William John Vankoughnet (born January 7, 1943) is a former politician in Ontario, Canada. He was a Progressive Conservative member of the House of Commons of Canada from 1979 to 1993, and a Progressive Conservative member of the Legislative Assembly of Ontario from 1995 to 1999.

==Background==
Vankoughnet was educated at Loyalist College and Queen's University, and subsequently worked as a municipal administrator. He was also an active freemason and shriner, and is a life member of the Monarchist League of Canada and the Royal Canadian Legion.

==Federal politics==
He was elected to the Canadian House of Commons in the 1979 federal election, defeating Liberal candidate Ron Vastokas by about 6,500 votes in the rural riding of Hastings—Frontenac, near Kingston. He was re-elected over Vastokas by a narrower margin in the 1980 election, and by a greater margin in the 1984 election in the renamed riding of Hastings—Frontenac—Lennox and Addington. In the 1988 election, he defeated Liberal candidate Earl Smith by fewer than 1,000 votes. During his fourteen years in parliament, Vankoughnet never held an official legislative position. Unlike most Progressive Conservative MPs, Vankoughnet opposed the Meech Lake constitutional accord.

The Progressive Conservatives lost all their Ontario seats in the 1993 federal election, and Vankoughnet lost to Liberal Larry McCormick by over 13,000 votes.

==Provincial politics==
Vankoughnet was elected to the provincial legislature two years later, defeating Liberal candidate Peter Walker and incumbent New Democrat Fred Wilson in the riding of Frontenac—Addington. He served as a backbench supporter for the next four years.

Vankoughnet's prospects for career advancement all but ended on May 1, 1996, when he was caught trying to buy sexual favours from an undercover police officer who was posing as a prostitute in the Parkdale neighbourhood of Toronto. The charges were dropped when Vankoughnet agreed to attend a "john school". After he was arrested he withdrew from the Progressive Conservative caucus and briefly sat as an independent until he returned on September 23, 1996. Vankoughnet played only a minimal role in the legislature after this incident. Ironically, he was formally accepted into the exclusive Albany Club of Toronto on the same day as his arrest.

In 1996, the government of Mike Harris reduced the number of provincial ridings from 130 to 103. This forced a number of sitting MPPs to compete against one another for renomination. Vankoughnet, his reputation still damaged by the prostitute incident, lost the Progressive Conservative nomination in Hastings—Frontenac—Lennox and Addington to Harry Danford in 1999.

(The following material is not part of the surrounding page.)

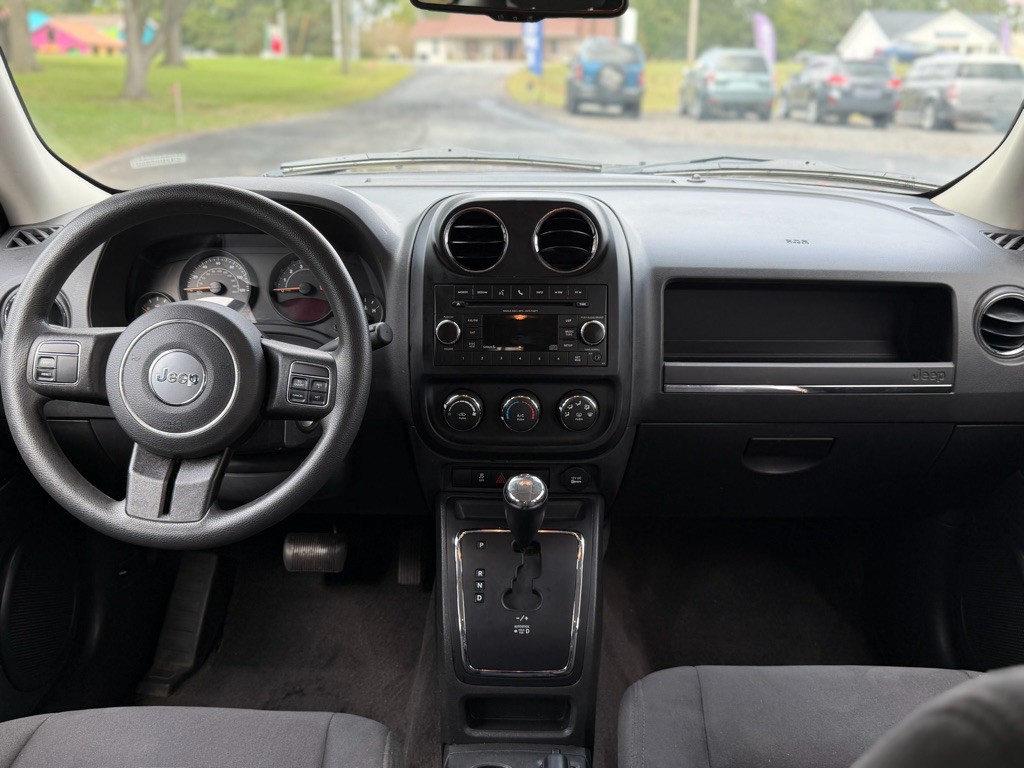 2017 Jeep Patriot Image 9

==Federal politics (2nd time)==
Vankoughnet sought a political comeback in 2004 by challenging Scott Reid for the Conservative Party of Canada nomination in Lanark—Frontenac—Lennox and Addington. The party refused to permit his candidacy, however, and Vankoughnet challenged Reid in the general election as an independent candidate. He received only 820 votes.